(Dataset items)

*** Block opens ***

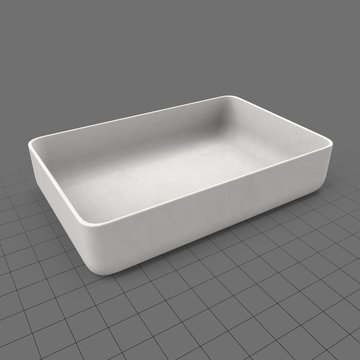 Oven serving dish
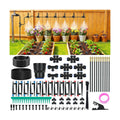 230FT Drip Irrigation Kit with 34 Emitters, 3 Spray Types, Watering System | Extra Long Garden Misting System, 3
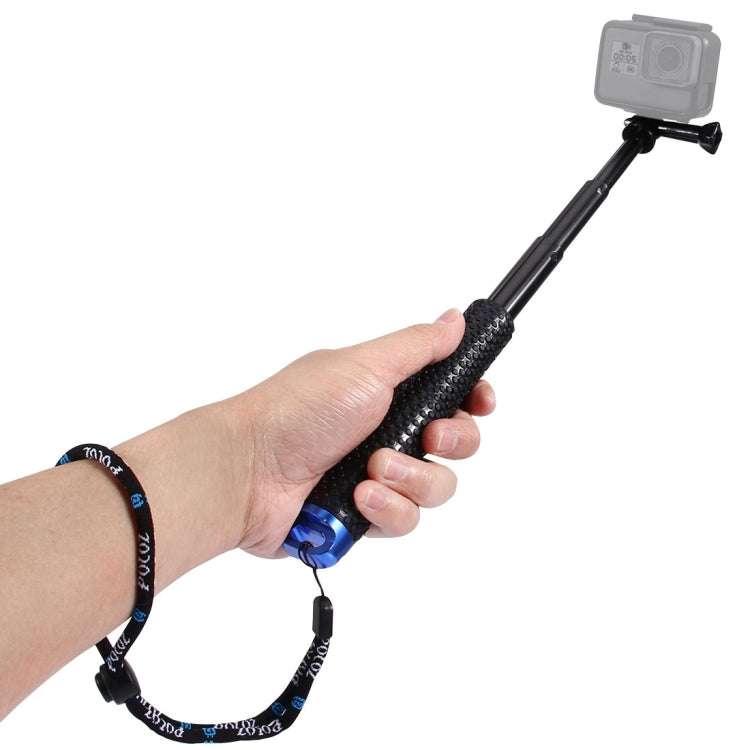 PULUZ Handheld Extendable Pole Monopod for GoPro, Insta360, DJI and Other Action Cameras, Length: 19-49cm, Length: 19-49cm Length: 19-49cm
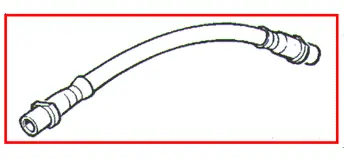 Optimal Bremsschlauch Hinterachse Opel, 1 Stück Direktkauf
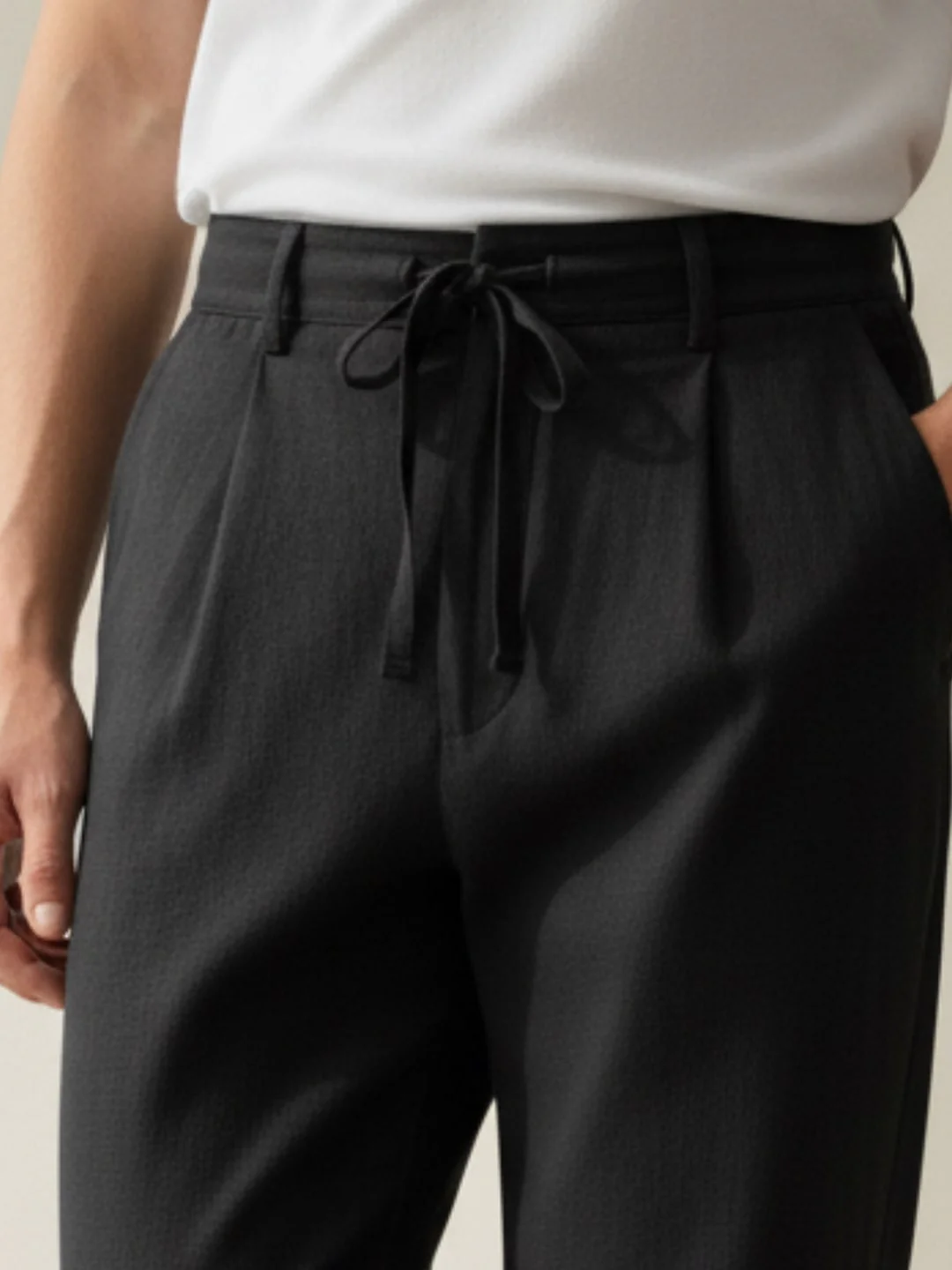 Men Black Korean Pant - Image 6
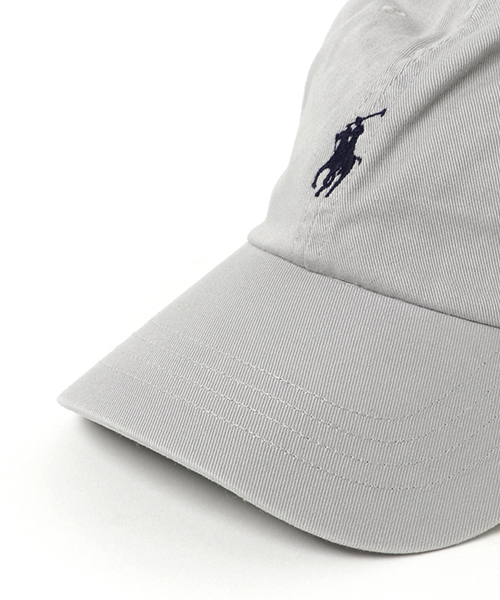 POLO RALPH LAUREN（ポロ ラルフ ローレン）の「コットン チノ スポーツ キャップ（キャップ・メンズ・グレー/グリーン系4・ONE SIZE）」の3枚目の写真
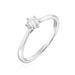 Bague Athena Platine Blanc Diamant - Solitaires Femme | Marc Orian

*** Block closes ***

Return only the lines from the one that contains "Optimal Bremsschlauch Hinterachse" through the closing line of the data, inclusive, reproduced exactly and with every picture left out.

__SOLVED EXERCISE__
 Optimal Bremsschlauch Hinterachse Opel, 1 Stück Direktkauf
 Men Black Korean Pant - Image 6
 POLO RALPH LAUREN（ポロ ラルフ ローレン）の「コットン チノ スポーツ キャップ（キャップ・メンズ・グレー/グリーン系4・ONE SIZE）」の3枚目の写真
 Bague Athena Platine Blanc Diamant - Solitaires Femme | Marc Orian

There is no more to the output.